━━━ Data ━━━
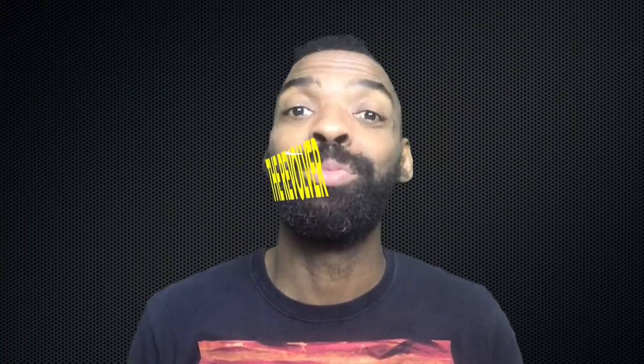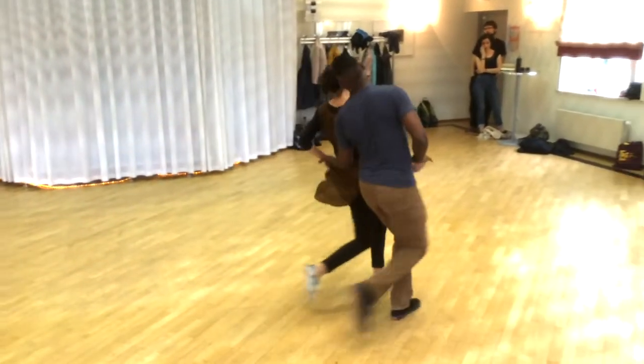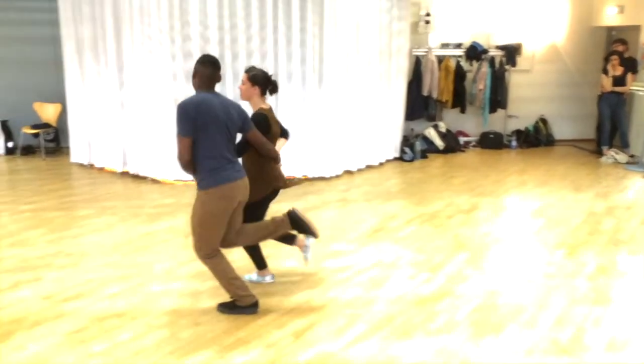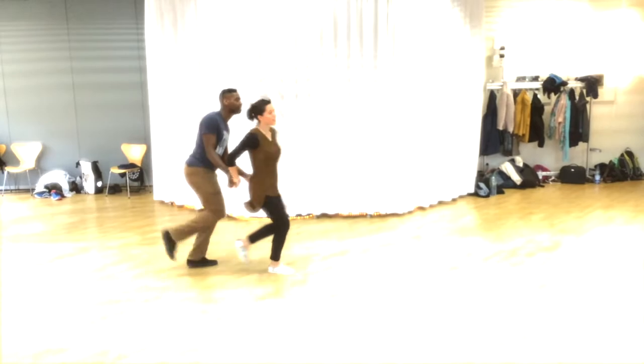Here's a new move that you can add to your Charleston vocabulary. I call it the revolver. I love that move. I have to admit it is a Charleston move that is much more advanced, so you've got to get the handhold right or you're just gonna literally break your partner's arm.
━━━
━━━ Data ━━━
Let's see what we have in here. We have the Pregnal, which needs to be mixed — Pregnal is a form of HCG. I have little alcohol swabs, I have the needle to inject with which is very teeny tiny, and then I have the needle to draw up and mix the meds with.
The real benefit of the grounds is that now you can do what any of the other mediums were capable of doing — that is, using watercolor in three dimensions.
━━━
Task item :: Copy the lines above exactly, beginning at the line that has "Let's see what" and stopping after the line that has "The real benefit", and omit the rest.

Solution to this task ::
Let's see what we have in here. We have the Pregnal, which needs to be mixed — Pregnal is a form of HCG. I have little alcohol swabs, I have the needle to inject with which is very teeny tiny, and then I have the needle to draw up and mix the meds with.
The real benefit of the grounds is that now you can do what any of the other mediums were capable of doing — that is, using watercolor in three dimensions.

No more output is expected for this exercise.